━━ Data extracts ━━

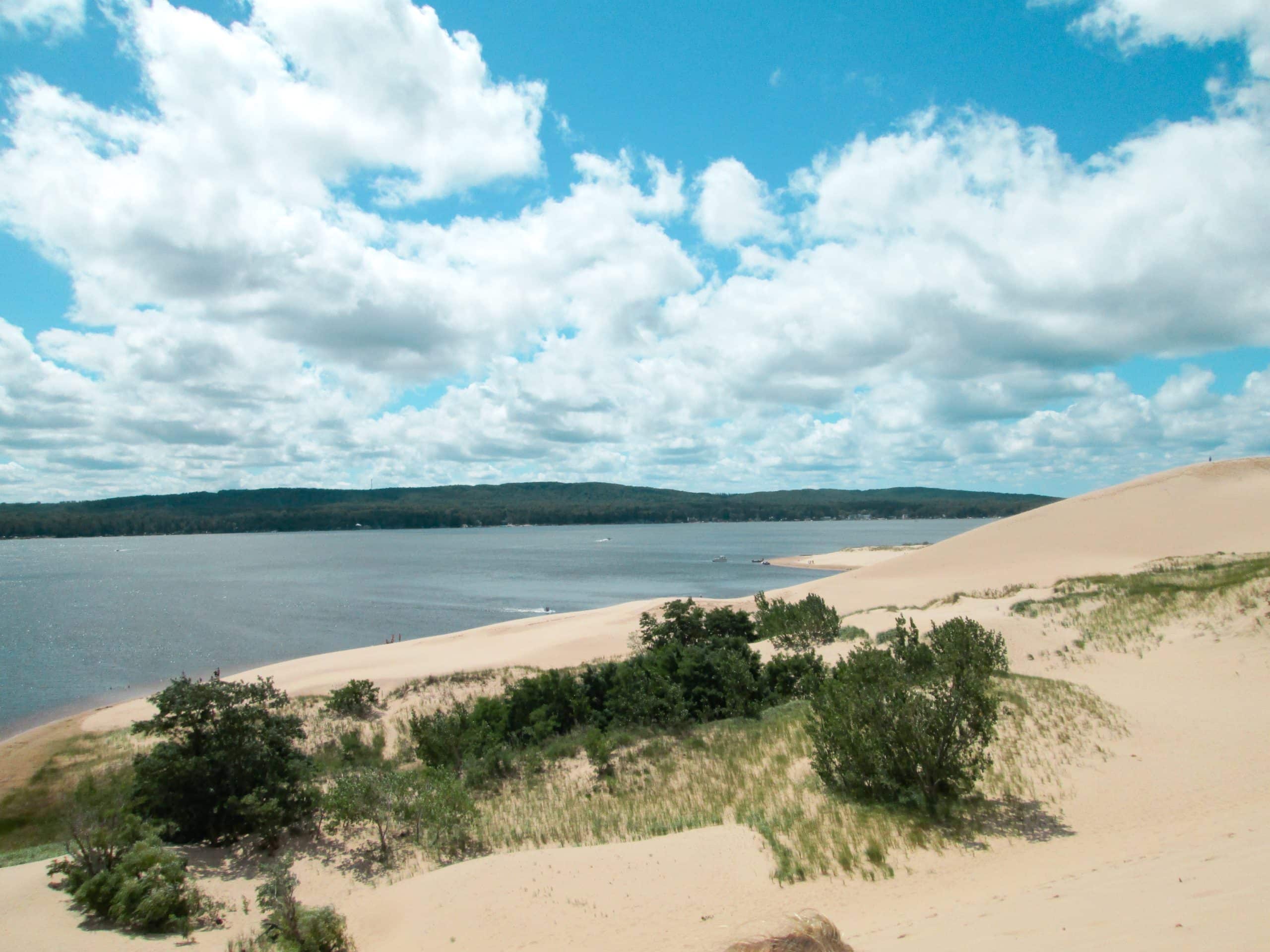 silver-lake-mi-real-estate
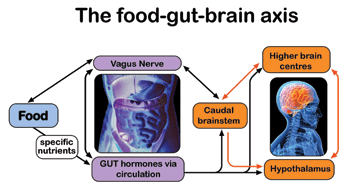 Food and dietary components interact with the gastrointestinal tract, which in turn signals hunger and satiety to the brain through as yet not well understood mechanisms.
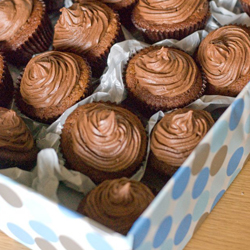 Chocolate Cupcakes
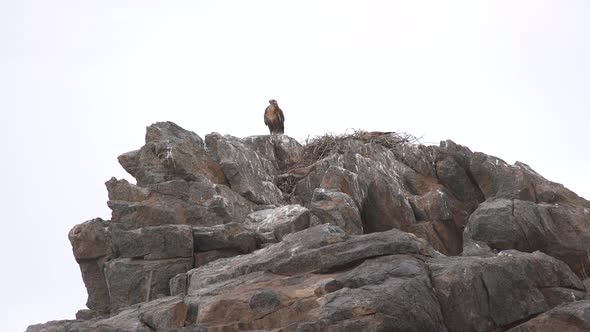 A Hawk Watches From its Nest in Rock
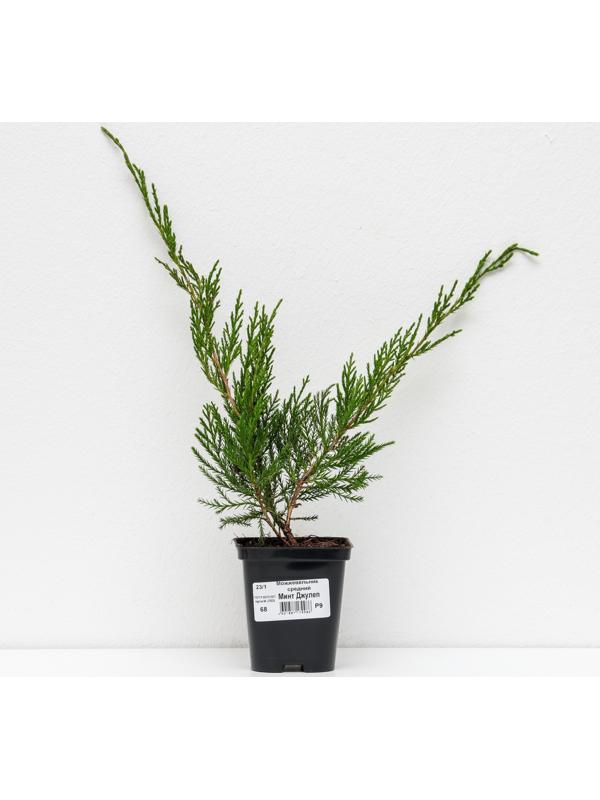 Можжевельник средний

━━━

Problem description
Give again, word for word, the lines above from the first one through the one containing "A Hawk Watches From its Nest in Rock"; no pictures.

Response
 silver-lake-mi-real-estate
 Food and dietary components interact with the gastrointestinal tract, which in turn signals hunger and satiety to the brain through as yet not well understood mechanisms.
 Chocolate Cupcakes
 A Hawk Watches From its Nest in Rock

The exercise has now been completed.